Spot Prawns!

After getting caught up in all the hype and buzz surrounding BC’s spot prawns season we finally
indulged in a shrimp filled dinner last night. Carn.H Had picked up 3lbs of spot prawns from Steveston’s Wharf.
☆*:.。. o(≧▽≦)o .。.:*☆

Not having bought or cooked spot prawns before I quickly searched for some information on the net.

Aside from buying tips, I also learnt that the spot prawn heads have a particular enzyme that is released 2 hrs after they’re dead so it’s best to buy live (in water) or frozen at sea – unless you enjoy mushy flesh. Another way to avoid mushiness is the remove the head b4 the enzyme is released.

While there are a lot if great recipes out there we both agreed that steaming or boiling would be the best way to find out what this shrimp was all about.

I steamed our first batch on high for 2 min and these were perfect! We polished off the first batch before steaming the second for 2 min on low-to-med… these did not cook through and were mushy. After steaming them for a little bit more, the flesh was still not firming up but I knew they had to be cooked by that time. The flesh was definately cooked – and crumbly – I finally understood why there was so much caution about overcooking spot prawns on the i-net. After trying another batch (for 2 min on high) I was sure some of them had already mush-i-fied as the texture was no longer the same.

We then proceeded to boil the next two batches and noticed that the flesh was juicier than steaming but the natural sweet flavor of the shrimp wasn’t as concentrated.

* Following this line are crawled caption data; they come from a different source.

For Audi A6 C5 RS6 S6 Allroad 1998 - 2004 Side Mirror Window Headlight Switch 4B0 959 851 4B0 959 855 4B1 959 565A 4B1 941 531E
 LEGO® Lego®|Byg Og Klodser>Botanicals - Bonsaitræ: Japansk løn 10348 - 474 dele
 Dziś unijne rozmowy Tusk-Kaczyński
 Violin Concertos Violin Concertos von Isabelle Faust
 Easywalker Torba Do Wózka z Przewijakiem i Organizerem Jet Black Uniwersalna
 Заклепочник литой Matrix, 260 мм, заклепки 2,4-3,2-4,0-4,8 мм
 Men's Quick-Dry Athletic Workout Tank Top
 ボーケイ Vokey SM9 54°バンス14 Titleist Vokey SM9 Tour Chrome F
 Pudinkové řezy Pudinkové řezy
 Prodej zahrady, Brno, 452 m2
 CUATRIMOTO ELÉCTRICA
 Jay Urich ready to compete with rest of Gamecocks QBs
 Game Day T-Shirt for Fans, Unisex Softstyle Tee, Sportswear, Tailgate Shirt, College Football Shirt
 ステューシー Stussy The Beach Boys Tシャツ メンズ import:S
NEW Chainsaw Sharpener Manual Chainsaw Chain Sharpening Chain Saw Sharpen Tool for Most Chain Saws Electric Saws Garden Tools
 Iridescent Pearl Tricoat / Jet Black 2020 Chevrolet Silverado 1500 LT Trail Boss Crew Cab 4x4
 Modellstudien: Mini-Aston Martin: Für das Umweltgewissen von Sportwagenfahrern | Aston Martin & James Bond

Somewhere along the way, I figured out a great way to eat the eggs.

Simply pull the legs off and then suck them off (^∇^)

For the last third of the shrimps we decided to experiment. I had read, on one of the many sites I browsed, that dousing with boiling hot water and waiting 5 min would yield the perfect results.

It may look pretty but it was still pretty raw on the inside (♯`∧´)
Which was ok, i guess, since we were stuffed anyways.

Just in case, i had made an array of super simple sauces, that ended up being unnecessary for the shrimps but were great with the steamed shrimps’ eggs. (which were overcooked and a little “dry” – the boiled shrimps’ egg’s remained poppy and flavorful).

Home-made chili oil and soy sauce (the safe-bet ^^)

Miso and ponzu (a great combo ^^)

Gochujang and coconut soy milk (lacking depth but good for spice)

Thai red curry and coconut soy milk (more flavors than the straight forward gochujang but still lacking)

Tonight’s dinner:

I used the partially cooked shrimps in a pesto stir-fry served alongside a side of stir-fried quinoa with pesto egg and gai lan. The pesto and shrimp juices paired together quite well and was pretty tasty.